Comparing the Effect of Stent Geometry on Blood Flow Rate of Curved Coronary Artery Stenosis
(1) Aventura Waterways K-8 Center, Miami, Florida, (2) Nova Southeastern University, College of Engineering and Computing, Ft. Lauderdale, Florida
One of the world’s leading causes of death is Coronary Heart Disease (CHD); it has been implicated in about 12% of all deaths globally. Plaque accumulation within the heart’s arteries causes CHD and leads to fatal complications including heart attack and stroke. Currently, the treatment for moderate plaque levels in CHD is placing a stent to hold plaque back from interfering with the blood flow and to deliver preventative drug treatment.

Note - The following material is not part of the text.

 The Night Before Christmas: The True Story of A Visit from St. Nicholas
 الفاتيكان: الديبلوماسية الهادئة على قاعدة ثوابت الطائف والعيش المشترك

Stents are constructed from longitudinal segments called struts, commonly having 8, 10, or 12 struts. Stent struts can change the amount of surface area available for drug delivery and also affect the blood flow rate. Recently, to maximize surface area, researchers have considered stents having a square instead of round strut cross-section. While the new square cross-section provides more surface area, its shape does not appear to be as efficient for the blood flow rate. However, limited investigations have been done on the relationship between the number of struts and their cross-section geometry on the blood flow rate. In this study, we tested the effect of strut design on simulated blood flow rate in a designed artificial heart. The results of this study showed that the 12-strut round cross-section had a higher blood flow rate than the other stent geometries. More research is still needed to investigate additional stent geometries to ensure both the added surface for the restenosis-prevention drug and a maximum blood flow rate are achieved simultaneously.